At its 2011 upfront, Cartoon Network announced 14 new series, including Adventure Time, The Problem Solverz, formerly known as Neon Knome, The Looney Tunes Show, Secret Mountain Fort Awesome, Level Up, a scripted live-action comedy series with a 90-minute starting film, Tower Prep, Green Lantern, Dragons: Riders of Berk, the series based on the DreamWorks film, How to Train Your Dragon, The Amazing World of Gumball, Total Drama: Revenge of the Island, the 4th season of Total Drama; Thunder Cats, Ninjago: Masters of Spinjitzu and Ben 10: Omniverse. The network announced a new block planned to air called “DC Nation”; this block will focus on the titular heroes, the first being Green Lantern. 9 Story’s Almost Naked Animals, an animated comedy about a group of shaved animals in their underwear running a hotel called the Banana Cabana, was also picked up by the network and made its US debut on June 13, 2011, the same premiere date as another Canadian-acquired animated series, Sidekick.

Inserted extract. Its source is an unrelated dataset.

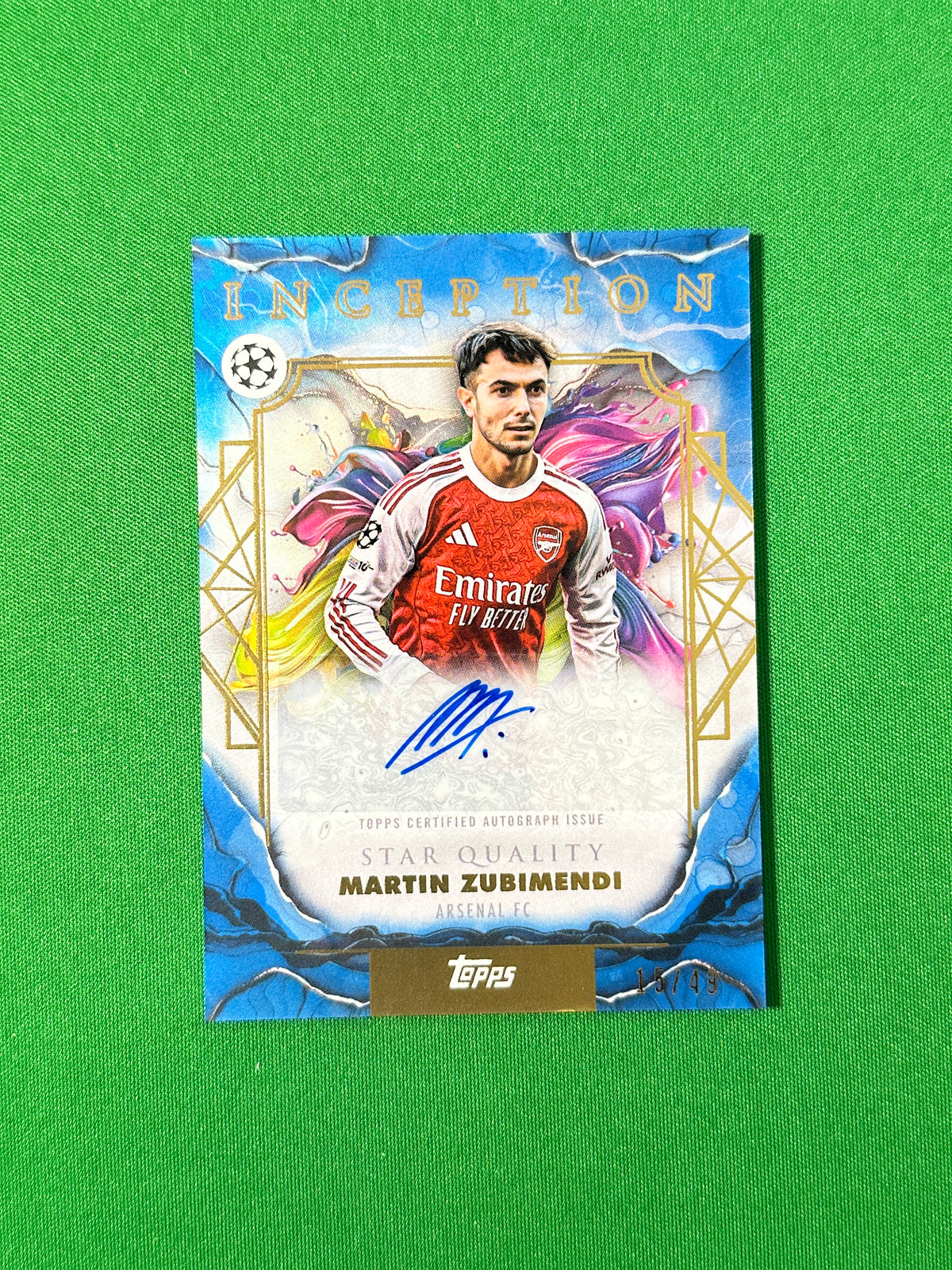 Martin Zubimendi Autograph 15/49 Arsenal FC Topps PL Inception 2025/26 football card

After announcing two new live action shows in Unnatural History and Tower Prep, which were both cancelled after their first seasons, Cartoon Network acquired the game show, Hole in the Wall. By the end of 2011, Hole in the Wall and the final two CN Real shows, Destroy Build Destroy and Dude, What Would Happen were removed from Cartoon Network’s schedule completely, In 2012, Cartoon Network acquired TV rights to the famous Web series, The Annoying Orange and added it to its primetime lineup. For a short time, Cartoon Network also returned two 1960s cartoons, The Flintstones and The Jetsons, to its daytime lineup, after several years of being seen only on Boomerang.

It was announced on Thursday, February 2, 2012 that Teletoon would be launching a Canadian version of Cartoon Network. It will also include a Canadian version of the overnight block Adult Swim. This channel launched on July 4, 2012.

On March 18, 2012 Cartoon Network aired its first documentary, Speak Up, about bullying. Later that month on March 30, 2012, the block Cartoon Planet was revived, now airing the channel’s original programming from the 1990s and early 2000s.

It has been a tough year for CN under pressure and under criticism from many others. All of these factors up to this point have put the the network under tough times. Some viewers think that the old CN should come back, but others say, the network still has juice left in its tank to fulfill its goals. What will the next 20 years be in store for CN? That answer is up to the viewers to find out.


From The Flintstones and Dexter’s Lab, from Chowder to Flapjack and from Mordecai and Rigby to Gumball and Darwin, Cartoon Network can relive their entire history from the 90’s to today. What can be done in the future so their mistakes can’t be repeated again? Now’s their chance to atone for all of their missteps and mistakes! If you’ve watched the launch from the beginning or if you’re new to CN, then you’re invited to their 20th birthday party this weekend!


From all of entertainment central to the entire Bikini Bottom News team, we’d just like to say Happy Birthday Cartoon Network, and wish you well for another 20 years ahead!

  1. #1 by andrew on November 26, 2012 - 1:14 am

    you could at least include some sources… because it seems as if all of this was taken from Wikipedia


    • #2 by gtnjr17 on November 27, 2012 - 1:49 am

      Perphaps I should. I should’ve searched for news reports on Cartoon Network’s 20th anniversary milestone instead of Wikipedia. My aplogies.